Subject: Re: Busspace sanity ...
To: grefen@hprc.tandem.com, Jason Thorpe <thorpej@nas.nasa.gov>
From: John Nemeth <jnemeth@cue.bc.ca>
List: port-i386
Date: 06/13/1998 01:59:19
On Jun 10, 12:41am, Stefan Grefen wrote:
} In message <199806092202.PAA10864@lestat.nas.nasa.gov>  Jason Thorpe wrote:
} > On Tue, 09 Jun 1998 23:25:15 +0200 
} >  Stefan Grefen <grefen@hprc.tandem.com> wrote:
} > 
} >  > I aggree, but please with a additional switch. This is helpful for
} >  > driver development but not for daily use.
} > 
} > The DEBUG option isn't really "for daily use", either...  I guess you
} > and I disagree on the semantics of the DEBUG option.
} 
} The problem is the message goes away without DEBUG, but a 'fixed'
} driver stays.
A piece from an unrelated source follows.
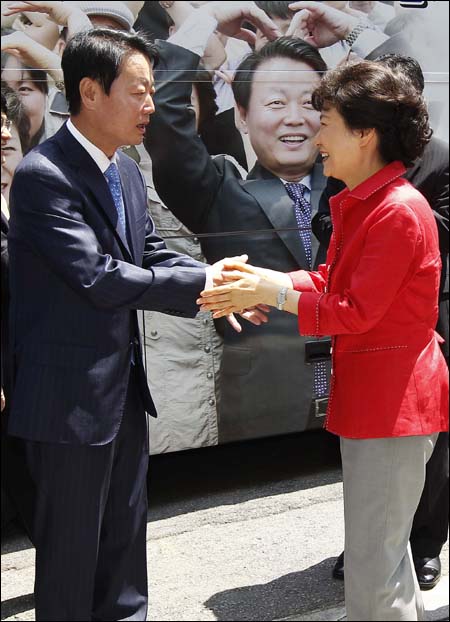 사진은 박근혜 전 대표가 2010년 한나라당 대표최고위원 및 최고위원 선출경선에 후보로 나선 한선교 후보의 이동식 선거사무소 개소식에 참석해 한 후보와 악수하고 있는 모습. 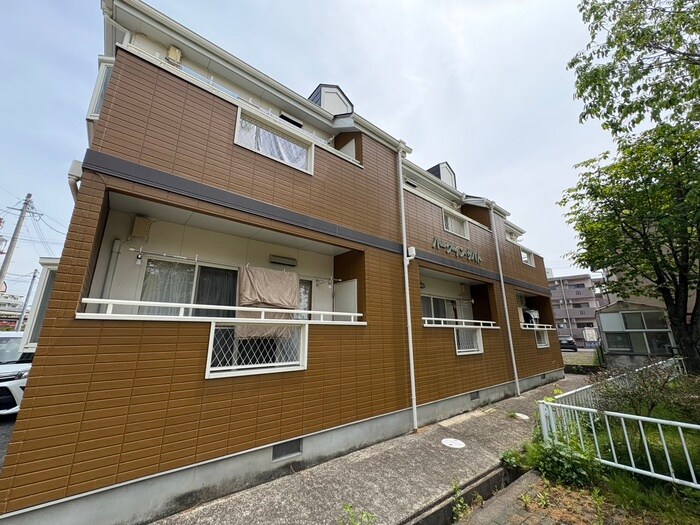 パークインサバトの物件外観写真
I can add a ifdef DEBUG in the driver around the 

     The message goes away when the driver is fixed too.

} I still don't see why the alignment of the data pointer (not the
} busspace address) needs to be stricter aligned than mandatory for the
} CPU (unless you check for another architecture, which I think isn't covered
} by DEBUG).

     Often on processors that don't require strict alignment, there is
a performance penalty, especially in the case of a cache miss (instead
of just waiting for one cache line to fill, or part of one, you have
to wait for two).  And of course, if it crosses a page boundary, and
one of the pages have been paged out, there is a major penalty.  Due
to the performance penalties, I consider it a bug not to use proper
alignment.  It would be interesting to enable alignment checking,
except that it only works in user mode (at least on the i486).
Personally, I always configure compilers to use strict alignment.  The
space tradeoff is minor compared to the performance difference.

} >  > > 	(2) there may be a performance gain for doing aligned access on
} >  > > 	    _any_ port, even when it is not strictly necessary.
} >  > 
} >  > Not if this is the transfer to the device. It would just introduce a
} >  > copy of the data for no reason.
} > 
} > That's only because your m_pullup() does a copy; there are other ways of
} > dealing with the problem.  See the CS8900 that _IS_ in the SUP tree at
} 
} I'm using ports, so it has to be 2 byte access and I think insw beats 
} any other solution. Doing a dance through a tmp variable may be faster than 

     Sure, just make sure the buffer you put the data in is properly
aligned.

} Since I'm using this 386 I'm looking at CPU-cycles again :-)) 

     Not using a properly aligned buffer is going to cost you in terms
of performance regardless of how you get the data from the device.

} You stop doing that if you play with bigger machines in your day-time job.

     This is very unfortunate.  I think about performance issues all
the time.  Just because you have a big machine doesn't mean you can
get sloppy.  Bigger machine generally have bigger problems to solve,
and being sloppy means you need a much bigger machine.

}-- End of excerpt from Stefan Grefen